Allowing the Leylon Sneed restaurant will disturb the beauty and tranquility of the area, Russo said. He is organizing residents who oppose the plan under the umbrella of the East End Protection Coalition.
The St. Thomas CZM Committee will hold a public hearing at 6 p.m. March 4 at its Cyril E. King Airport conference room to hear what residents think about the proposal.
"It won't be crazy like the Willie T," Parsons said, referring to the floating William Thornton restaurant moored at Norman Island in the British Virgin Islands.
Parsons said he plans to include a nightclub, but stressed that it would not be loud or have loud music. The area needs such a restaurant because tourists are clamoring for it, he said. Many visitors don't want to go to the trouble of clearing BVI customs so they can visit the William Thornton, he said.
Parsons also envisions local residents patronizing the restaurant. It would take four to six months to open the restaurant if he gets the CZM permit, he said. He and Penn plan to sink more than $1 million into the project.
Four moorings would be installed to tie the vessel down at both the stern and bow ends so it won't swing. The area has a sandy bottom, Parsons said. In accord with CZM requirements, he hired Bio-Impact to prepare an environmental-impact statement.
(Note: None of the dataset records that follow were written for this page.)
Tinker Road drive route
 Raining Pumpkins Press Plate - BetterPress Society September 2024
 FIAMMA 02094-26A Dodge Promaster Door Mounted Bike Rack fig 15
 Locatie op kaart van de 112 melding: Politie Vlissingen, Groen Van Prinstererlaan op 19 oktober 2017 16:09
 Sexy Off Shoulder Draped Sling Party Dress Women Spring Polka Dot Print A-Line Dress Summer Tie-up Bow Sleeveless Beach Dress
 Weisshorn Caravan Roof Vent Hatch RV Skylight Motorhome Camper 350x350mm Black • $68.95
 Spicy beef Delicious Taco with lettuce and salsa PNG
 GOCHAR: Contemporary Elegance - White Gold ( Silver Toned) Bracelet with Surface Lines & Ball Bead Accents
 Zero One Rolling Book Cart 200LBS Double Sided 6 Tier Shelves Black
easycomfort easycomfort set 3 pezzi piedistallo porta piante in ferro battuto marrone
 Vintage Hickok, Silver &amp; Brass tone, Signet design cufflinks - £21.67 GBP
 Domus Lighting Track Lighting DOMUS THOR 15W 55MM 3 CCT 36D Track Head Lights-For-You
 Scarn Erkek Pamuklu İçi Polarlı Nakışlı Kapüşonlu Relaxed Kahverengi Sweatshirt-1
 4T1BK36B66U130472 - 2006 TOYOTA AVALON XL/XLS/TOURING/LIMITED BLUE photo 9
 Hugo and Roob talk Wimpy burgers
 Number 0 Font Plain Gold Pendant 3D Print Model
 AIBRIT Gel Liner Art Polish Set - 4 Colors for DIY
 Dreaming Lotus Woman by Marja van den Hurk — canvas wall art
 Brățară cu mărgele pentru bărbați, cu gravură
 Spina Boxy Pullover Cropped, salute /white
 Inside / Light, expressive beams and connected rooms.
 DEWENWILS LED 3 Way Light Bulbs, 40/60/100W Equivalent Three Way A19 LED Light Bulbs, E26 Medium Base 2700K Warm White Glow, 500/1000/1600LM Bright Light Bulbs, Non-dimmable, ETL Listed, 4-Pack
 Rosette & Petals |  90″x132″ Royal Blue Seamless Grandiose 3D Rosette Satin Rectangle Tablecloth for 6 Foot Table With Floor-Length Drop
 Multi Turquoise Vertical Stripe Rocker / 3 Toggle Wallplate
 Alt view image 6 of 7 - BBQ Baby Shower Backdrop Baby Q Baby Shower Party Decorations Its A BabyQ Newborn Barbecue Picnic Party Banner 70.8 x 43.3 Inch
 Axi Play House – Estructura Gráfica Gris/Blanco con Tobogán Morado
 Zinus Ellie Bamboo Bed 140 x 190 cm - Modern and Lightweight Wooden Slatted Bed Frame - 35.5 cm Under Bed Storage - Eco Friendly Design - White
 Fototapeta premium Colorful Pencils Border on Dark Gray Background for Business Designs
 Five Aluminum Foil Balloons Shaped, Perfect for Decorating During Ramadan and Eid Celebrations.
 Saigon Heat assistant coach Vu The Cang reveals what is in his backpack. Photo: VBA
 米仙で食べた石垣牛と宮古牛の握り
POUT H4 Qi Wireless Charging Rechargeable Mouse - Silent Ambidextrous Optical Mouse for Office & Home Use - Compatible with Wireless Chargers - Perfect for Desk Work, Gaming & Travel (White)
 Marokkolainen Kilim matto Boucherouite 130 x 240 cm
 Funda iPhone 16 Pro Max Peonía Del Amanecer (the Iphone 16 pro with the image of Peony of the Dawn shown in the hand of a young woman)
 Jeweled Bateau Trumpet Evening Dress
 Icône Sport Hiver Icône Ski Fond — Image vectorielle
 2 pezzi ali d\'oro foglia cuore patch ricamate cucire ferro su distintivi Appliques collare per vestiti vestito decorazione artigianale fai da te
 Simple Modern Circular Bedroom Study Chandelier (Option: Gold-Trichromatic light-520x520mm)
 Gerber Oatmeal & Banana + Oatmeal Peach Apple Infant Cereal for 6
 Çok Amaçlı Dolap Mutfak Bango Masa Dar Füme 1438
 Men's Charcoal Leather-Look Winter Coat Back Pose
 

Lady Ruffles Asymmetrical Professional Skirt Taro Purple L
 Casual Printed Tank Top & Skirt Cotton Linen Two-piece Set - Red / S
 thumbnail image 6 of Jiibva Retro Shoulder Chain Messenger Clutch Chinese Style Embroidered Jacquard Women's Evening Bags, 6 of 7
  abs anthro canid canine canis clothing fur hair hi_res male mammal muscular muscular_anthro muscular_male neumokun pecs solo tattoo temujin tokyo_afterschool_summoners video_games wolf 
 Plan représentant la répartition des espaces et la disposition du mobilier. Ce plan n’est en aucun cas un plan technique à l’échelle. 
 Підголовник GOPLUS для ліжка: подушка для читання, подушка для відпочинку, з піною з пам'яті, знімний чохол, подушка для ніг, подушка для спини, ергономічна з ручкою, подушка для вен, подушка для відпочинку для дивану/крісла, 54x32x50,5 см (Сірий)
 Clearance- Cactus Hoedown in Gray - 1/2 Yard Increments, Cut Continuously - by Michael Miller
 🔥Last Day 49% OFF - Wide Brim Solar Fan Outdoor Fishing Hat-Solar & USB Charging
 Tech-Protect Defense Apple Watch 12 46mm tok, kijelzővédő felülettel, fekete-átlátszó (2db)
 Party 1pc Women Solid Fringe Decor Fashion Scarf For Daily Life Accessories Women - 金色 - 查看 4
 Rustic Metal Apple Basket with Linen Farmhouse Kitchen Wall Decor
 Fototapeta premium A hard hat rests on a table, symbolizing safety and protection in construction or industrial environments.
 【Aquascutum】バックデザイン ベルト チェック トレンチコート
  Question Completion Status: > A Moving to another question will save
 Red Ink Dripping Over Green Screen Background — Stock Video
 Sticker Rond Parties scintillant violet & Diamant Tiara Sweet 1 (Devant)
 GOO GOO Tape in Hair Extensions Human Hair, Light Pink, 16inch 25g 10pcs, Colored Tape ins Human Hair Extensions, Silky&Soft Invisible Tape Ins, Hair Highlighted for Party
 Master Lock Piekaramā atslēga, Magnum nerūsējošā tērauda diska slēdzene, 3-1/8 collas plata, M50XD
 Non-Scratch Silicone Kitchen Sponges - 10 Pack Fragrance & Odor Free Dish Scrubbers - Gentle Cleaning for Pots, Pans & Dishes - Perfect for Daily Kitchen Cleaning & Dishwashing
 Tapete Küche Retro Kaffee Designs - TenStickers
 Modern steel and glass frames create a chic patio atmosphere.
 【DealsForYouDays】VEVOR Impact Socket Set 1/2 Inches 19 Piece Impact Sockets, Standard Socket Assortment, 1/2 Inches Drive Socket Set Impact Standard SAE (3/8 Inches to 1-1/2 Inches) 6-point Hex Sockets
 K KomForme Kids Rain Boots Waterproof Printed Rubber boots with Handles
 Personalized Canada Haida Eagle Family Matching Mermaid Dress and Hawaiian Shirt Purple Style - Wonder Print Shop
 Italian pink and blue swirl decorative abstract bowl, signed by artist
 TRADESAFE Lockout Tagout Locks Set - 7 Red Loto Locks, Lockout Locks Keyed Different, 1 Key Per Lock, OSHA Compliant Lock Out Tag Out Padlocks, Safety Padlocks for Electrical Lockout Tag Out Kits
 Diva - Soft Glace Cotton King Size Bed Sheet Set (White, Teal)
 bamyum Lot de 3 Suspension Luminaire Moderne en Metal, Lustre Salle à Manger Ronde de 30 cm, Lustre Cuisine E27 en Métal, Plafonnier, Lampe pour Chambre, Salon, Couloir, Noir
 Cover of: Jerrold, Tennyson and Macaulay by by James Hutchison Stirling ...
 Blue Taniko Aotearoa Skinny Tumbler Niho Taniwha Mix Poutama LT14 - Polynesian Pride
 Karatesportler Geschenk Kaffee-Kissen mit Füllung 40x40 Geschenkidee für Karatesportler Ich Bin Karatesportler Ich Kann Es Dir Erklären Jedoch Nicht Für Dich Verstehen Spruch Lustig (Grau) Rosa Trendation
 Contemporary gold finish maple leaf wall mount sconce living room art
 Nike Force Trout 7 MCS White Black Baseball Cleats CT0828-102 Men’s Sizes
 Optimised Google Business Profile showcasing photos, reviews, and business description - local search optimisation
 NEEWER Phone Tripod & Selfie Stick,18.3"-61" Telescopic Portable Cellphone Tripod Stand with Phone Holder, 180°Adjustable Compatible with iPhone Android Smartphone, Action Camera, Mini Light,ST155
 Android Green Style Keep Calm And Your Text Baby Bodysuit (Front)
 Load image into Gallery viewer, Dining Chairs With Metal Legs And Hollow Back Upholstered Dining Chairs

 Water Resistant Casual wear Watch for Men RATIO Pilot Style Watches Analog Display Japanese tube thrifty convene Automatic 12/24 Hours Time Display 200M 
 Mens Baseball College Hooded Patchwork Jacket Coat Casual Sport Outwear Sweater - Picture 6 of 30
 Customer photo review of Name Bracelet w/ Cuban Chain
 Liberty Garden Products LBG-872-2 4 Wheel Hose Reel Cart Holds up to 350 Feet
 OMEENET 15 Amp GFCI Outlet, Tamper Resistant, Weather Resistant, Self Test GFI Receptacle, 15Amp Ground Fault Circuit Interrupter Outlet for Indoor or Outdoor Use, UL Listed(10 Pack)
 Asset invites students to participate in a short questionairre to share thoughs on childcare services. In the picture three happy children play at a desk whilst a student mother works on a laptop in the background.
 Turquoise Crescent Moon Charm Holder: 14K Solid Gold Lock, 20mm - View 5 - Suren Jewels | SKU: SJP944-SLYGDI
While he is aware of the opposition to his proposal, Parsons said those against it are selfish.
"Most are older people who want to have Christmas Cove for themselves," he said.
Numerous anticipated problems were cited by Russo and Robert Fagenson, president of the Cowpet Beach Resort Condominium Association board of directors. In addition to environmental concerns, they cited noise and visual pollution from the Leylon Sneed. Russo also noted the proximity to the path of the ferry that runs between Cruz Bay and Charlotte Amalie.
"And it's a safety issue because of increased marine traffic in an area that has ferry-boat traffic," Russo said.
He envisions cups and paper plates from the Leylon Sneed fouling the water — and worse, referring to the William Thornton's reputation as a party place.
"Jet skis, dinghies, more snorkelers and naked people jumping overboard doesn't seem proper," Russo said.
The permit application indicates the Leylon Sneed will have to leave its mooring for Crown Bay periodically to offload sewage and take on water.
Fagenson estimates that several thousand people live within viewing distance of the proposed Leylon Sneed site. At its closest point to St. Thomas, the boat will be about a half-mile away.
"I'm hard-pressed to find a positive aspect to this," Fagenson said.
The proposal calls for a dock attached to the Leylon Sneed and 10 moorings, Russo said.
Planning and Natural Resources spokesman Jamal Nielsen could not be reached for further information Friday.
Those currently involved in the East End Protection Coalition come from the ranks of Water Point, Cowpet Bay East and West, Deck Point, the St. Thomas Yacht Club, the Anchorage condominiums, the Elysian Resort and the Red Hook Alliance, Russo said.
Parsons and Penn are offering St. John residents a ferry and bus trip to and from the March 4 public hearing. The boat leaves Cruz Bay at 5 p.m.
The CZM is scheduled to make a decision at its March 26 meeting.